Task item >>
Exact repetition of a range: find the line containing "This video will" and the line containing "The next one" in the material below, then repeat both and all lines between them, leaving pictures out.

(Available records)

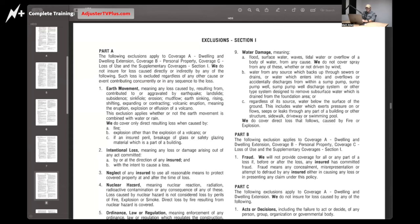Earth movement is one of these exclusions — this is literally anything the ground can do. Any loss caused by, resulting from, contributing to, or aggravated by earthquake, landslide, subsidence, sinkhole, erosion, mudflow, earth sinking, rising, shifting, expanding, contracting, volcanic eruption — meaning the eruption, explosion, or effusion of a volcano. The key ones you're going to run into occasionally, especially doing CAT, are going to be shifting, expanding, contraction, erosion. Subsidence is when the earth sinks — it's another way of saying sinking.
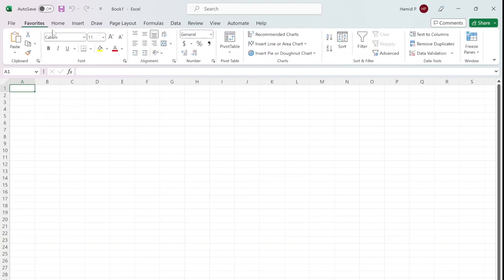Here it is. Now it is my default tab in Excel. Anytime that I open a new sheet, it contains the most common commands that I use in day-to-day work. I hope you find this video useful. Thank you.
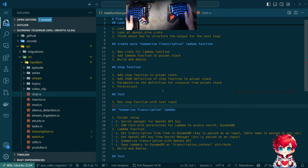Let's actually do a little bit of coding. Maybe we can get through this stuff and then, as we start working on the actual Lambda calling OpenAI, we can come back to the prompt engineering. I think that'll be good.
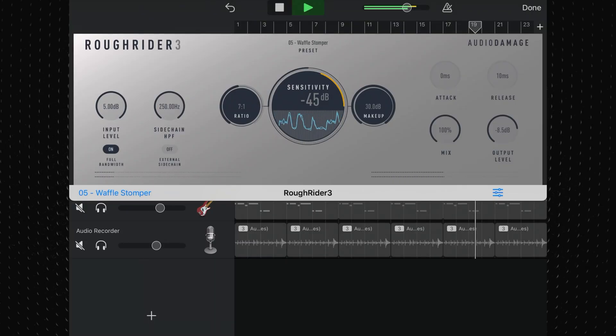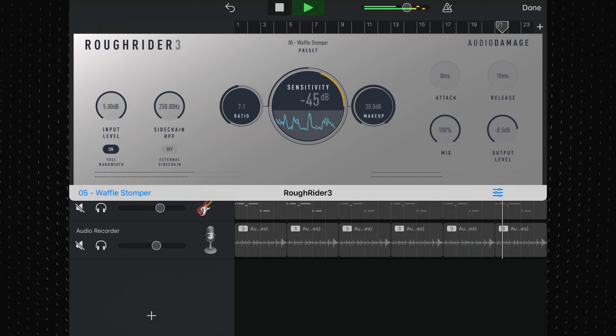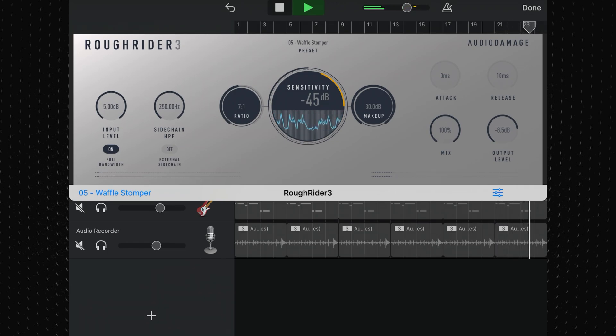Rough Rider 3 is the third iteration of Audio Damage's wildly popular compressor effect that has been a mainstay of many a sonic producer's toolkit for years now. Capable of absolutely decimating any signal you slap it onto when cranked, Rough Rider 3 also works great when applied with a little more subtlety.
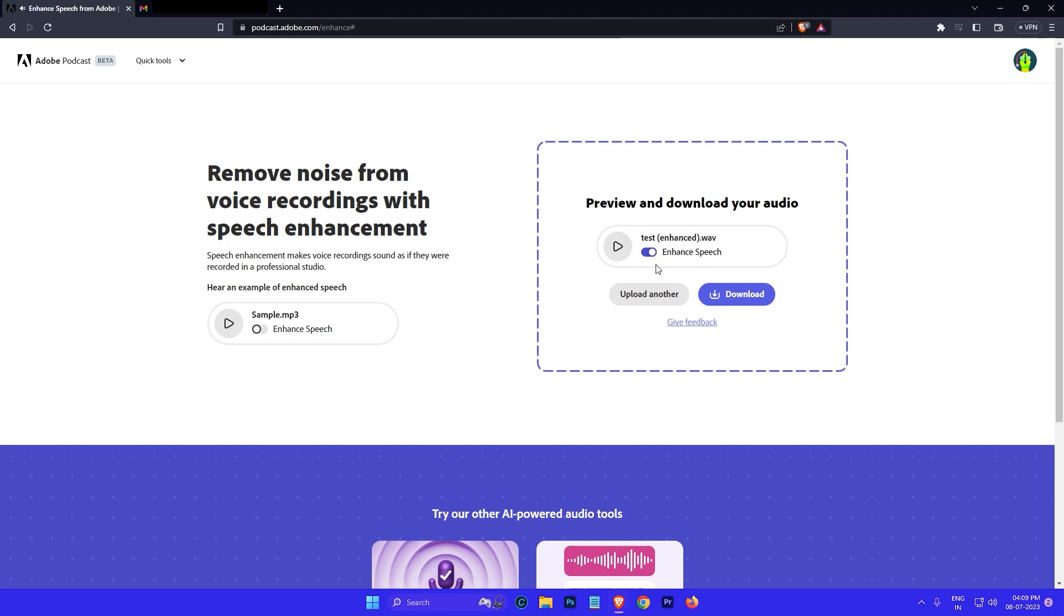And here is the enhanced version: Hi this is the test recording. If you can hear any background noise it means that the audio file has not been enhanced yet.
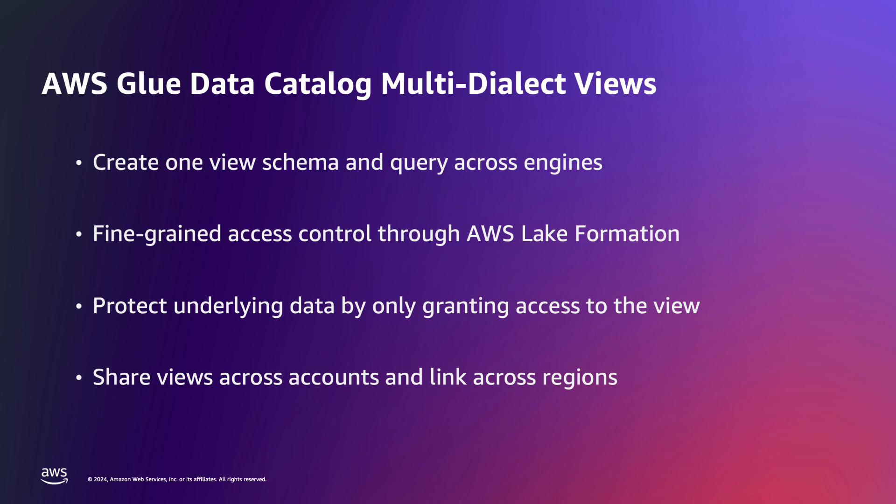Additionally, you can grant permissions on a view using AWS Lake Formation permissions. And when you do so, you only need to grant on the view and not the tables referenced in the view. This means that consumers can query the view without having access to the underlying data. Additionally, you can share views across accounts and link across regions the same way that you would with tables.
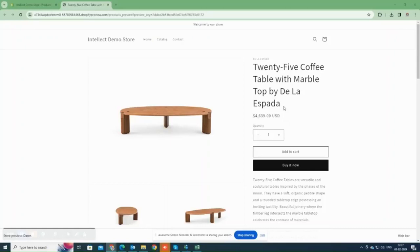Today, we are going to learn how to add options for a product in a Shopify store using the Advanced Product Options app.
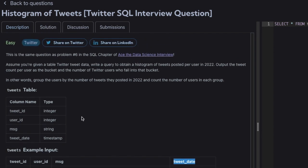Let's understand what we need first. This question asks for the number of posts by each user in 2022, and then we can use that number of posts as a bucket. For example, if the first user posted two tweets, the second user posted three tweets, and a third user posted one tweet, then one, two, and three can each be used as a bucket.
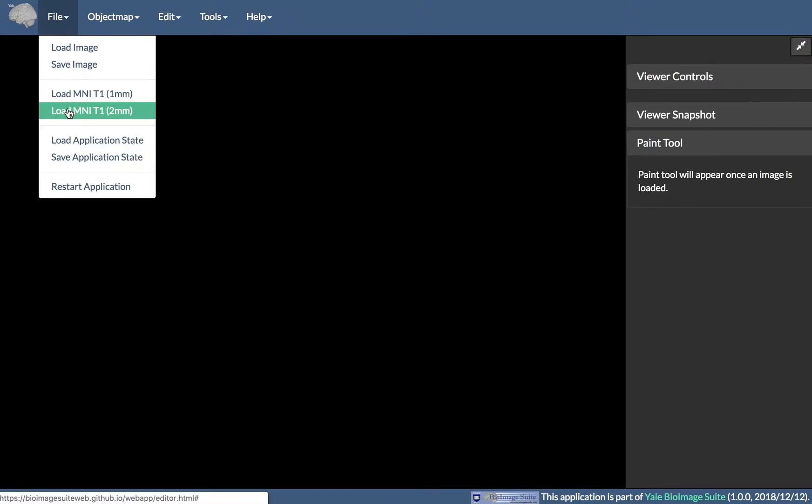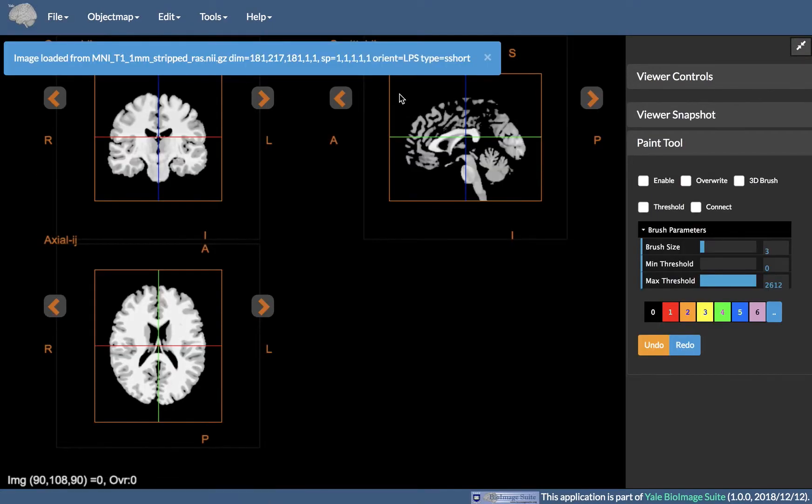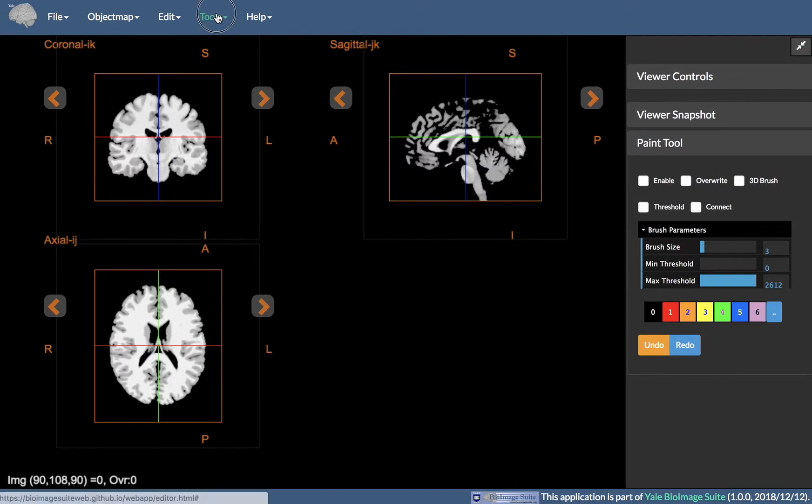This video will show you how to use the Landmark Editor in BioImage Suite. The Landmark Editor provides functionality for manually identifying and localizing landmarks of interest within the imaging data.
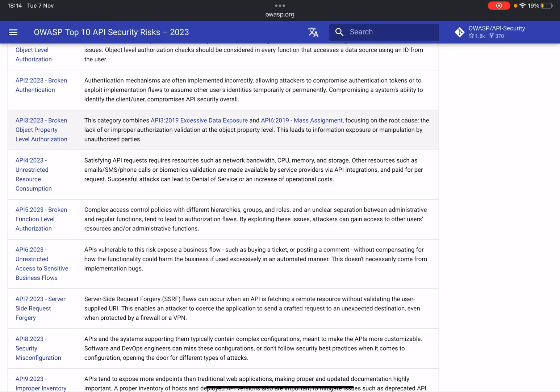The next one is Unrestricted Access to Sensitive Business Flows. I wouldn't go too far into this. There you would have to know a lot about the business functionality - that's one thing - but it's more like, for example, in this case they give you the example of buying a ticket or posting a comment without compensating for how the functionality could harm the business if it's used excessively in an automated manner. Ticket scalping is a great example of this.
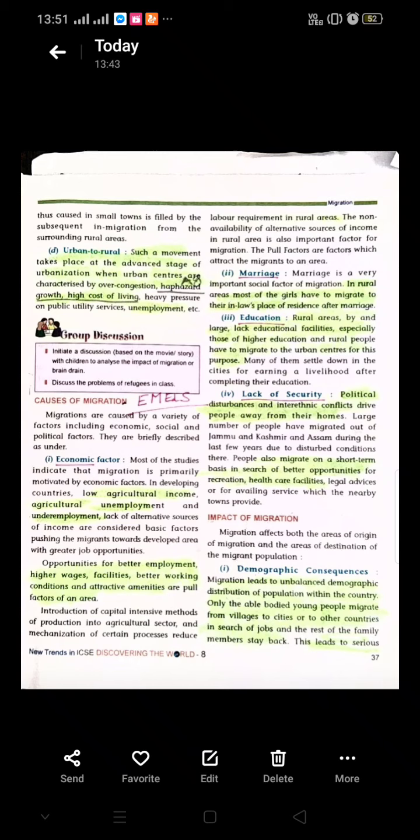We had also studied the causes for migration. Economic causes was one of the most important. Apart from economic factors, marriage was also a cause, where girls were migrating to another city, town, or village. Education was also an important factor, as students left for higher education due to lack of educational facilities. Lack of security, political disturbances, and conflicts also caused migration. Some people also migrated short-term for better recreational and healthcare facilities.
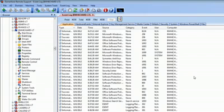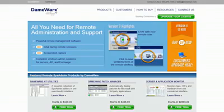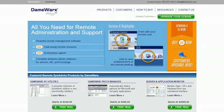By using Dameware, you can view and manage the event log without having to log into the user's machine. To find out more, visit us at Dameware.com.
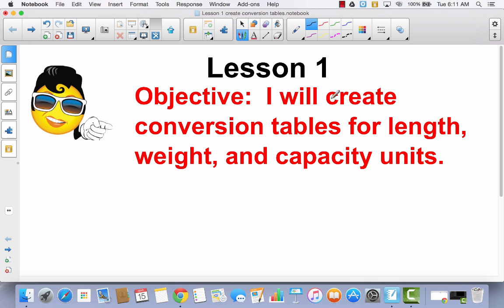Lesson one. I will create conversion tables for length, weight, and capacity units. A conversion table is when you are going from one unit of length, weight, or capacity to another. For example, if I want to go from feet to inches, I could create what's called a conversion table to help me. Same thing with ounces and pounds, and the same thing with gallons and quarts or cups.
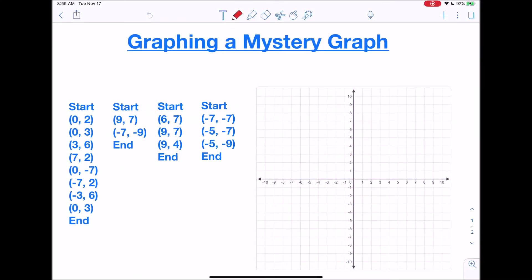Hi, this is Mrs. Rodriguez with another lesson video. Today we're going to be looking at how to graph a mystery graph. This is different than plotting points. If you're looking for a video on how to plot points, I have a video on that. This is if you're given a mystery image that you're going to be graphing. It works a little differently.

(End Available records)

Written reply >>
This video will show you how to use the Landmark Editor in BioImage Suite. The Landmark Editor provides functionality for manually identifying and localizing landmarks of interest within the imaging data.
The next one is Unrestricted Access to Sensitive Business Flows. I wouldn't go too far into this. There you would have to know a lot about the business functionality - that's one thing - but it's more like, for example, in this case they give you the example of buying a ticket or posting a comment without compensating for how the functionality could harm the business if it's used excessively in an automated manner. Ticket scalping is a great example of this.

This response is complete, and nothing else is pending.